Web page caption snippets:
____

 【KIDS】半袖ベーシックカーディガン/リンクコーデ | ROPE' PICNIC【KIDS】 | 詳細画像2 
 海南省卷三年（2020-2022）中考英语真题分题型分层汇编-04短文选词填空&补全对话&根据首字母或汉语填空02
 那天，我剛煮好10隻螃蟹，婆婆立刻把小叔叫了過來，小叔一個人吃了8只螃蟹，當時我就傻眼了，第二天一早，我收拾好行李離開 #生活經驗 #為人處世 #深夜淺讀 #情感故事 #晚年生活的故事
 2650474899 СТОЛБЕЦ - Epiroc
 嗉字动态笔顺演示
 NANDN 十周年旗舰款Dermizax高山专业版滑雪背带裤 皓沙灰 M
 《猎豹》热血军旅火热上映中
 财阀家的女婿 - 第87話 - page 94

____

What is expected> From the line holding "2650474899 СТОЛБЕЦ - Epiroc" down to the final line above, quote every line exactly and only those lines.

Output for this task>
 2650474899 СТОЛБЕЦ - Epiroc
 嗉字动态笔顺演示
 NANDN 十周年旗舰款Dermizax高山专业版滑雪背带裤 皓沙灰 M
 《猎豹》热血军旅火热上映中
 财阀家的女婿 - 第87話 - page 94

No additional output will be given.